Explain parameter elimination for complex curves v2

Since I did not get sufficient asnwer I will better ask once again.
I'm reading Stewart's Calculus and in "Calculus with Parametric Curves" he shows the formula which comes from the Chain rule:
$\frac{dy}{dx} = \frac{\frac{dy}{dt}}{\frac{dx}{dt}}$
But what I don't understand is that for some complex curves for example:
$x = 2\sin\left(1+3t\right), y = 2t^{3}$
If I try to retreive y(x) I will get
$y\ =\ 2\left(\frac{\arcsin\left(\frac{x}{2}\right)-1}{3}\right)^{3}$
Which will represent only small part of the parametric curve(graph).
And only for some small range of t  $\frac{dy}{dx} = \frac{\frac{dy}{dt}}{\frac{dx}{dt}}$. For example when t = 1, $y(x)$ is not defined.
If we take a look into graph of parametric equation it has complex shape and many negative derivatives(negative angles of tangent lines). But y(x) is just a small part of the graph of parametric equation, and it doesn’t have those negative derivatives(angles of tangent lines), since it grows from left to right.
As far as I understand when I represent t as function of x t(x) = $\frac{\arcsin\left(\frac{x}{2}\right)-1}{3}$, the domain of t(x) is [-2;2] and the range is [-pi/6-1/3;pi/6-1/3], and when I substitue t into y(t) to get y(x) this y(x) won't cover those values of t which are out of range, isn't it?

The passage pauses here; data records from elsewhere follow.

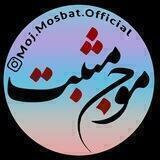 •|•مــۏج‌مثبٺ•|•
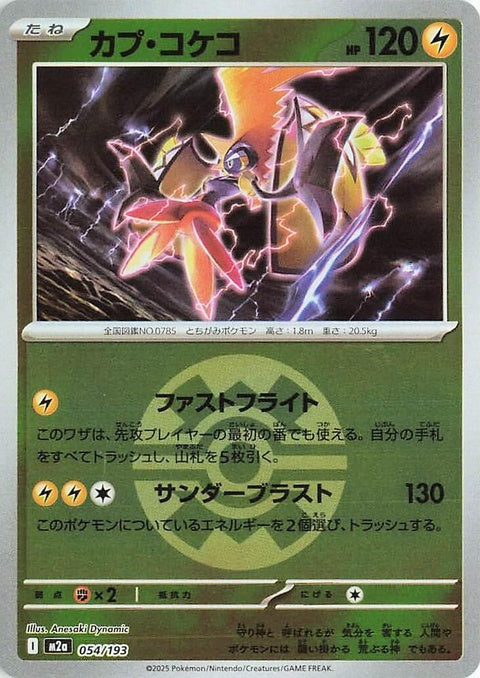54-tapukoko-quickballpattern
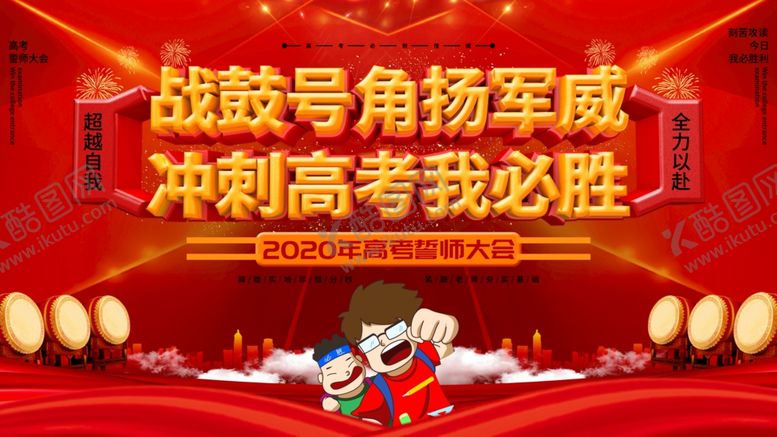 编号：81391610151633408403【酷图网】源文件下载-高考海报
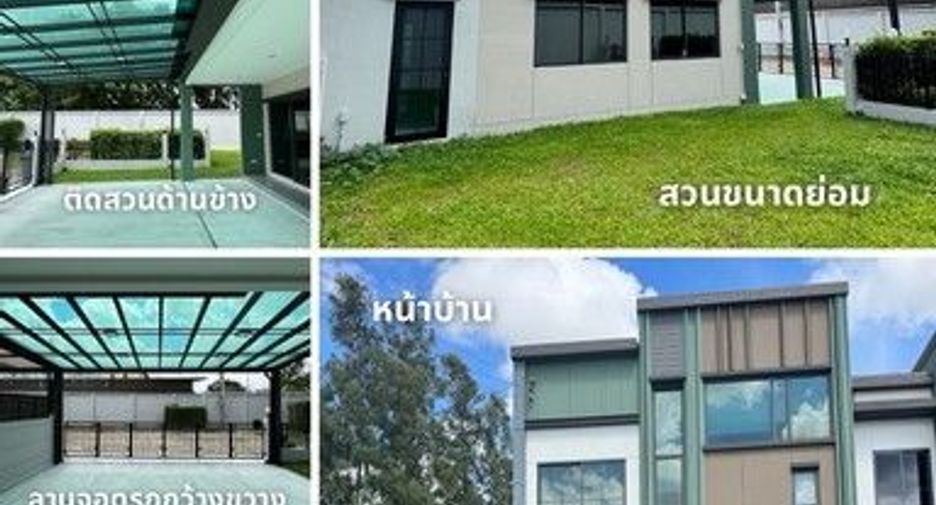 For rent 1 bed office in Sai Mai, Bangkok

Additionally added the screenshot, on which we can see both parametric equation and y(x). For example when t = 1, derivative of parametric equation is negative (at point (~-1.51,2)). But f(x) doesn not even cover this point, how can it calculate the same derivative value, as all it's deriavtives going to be non-negative?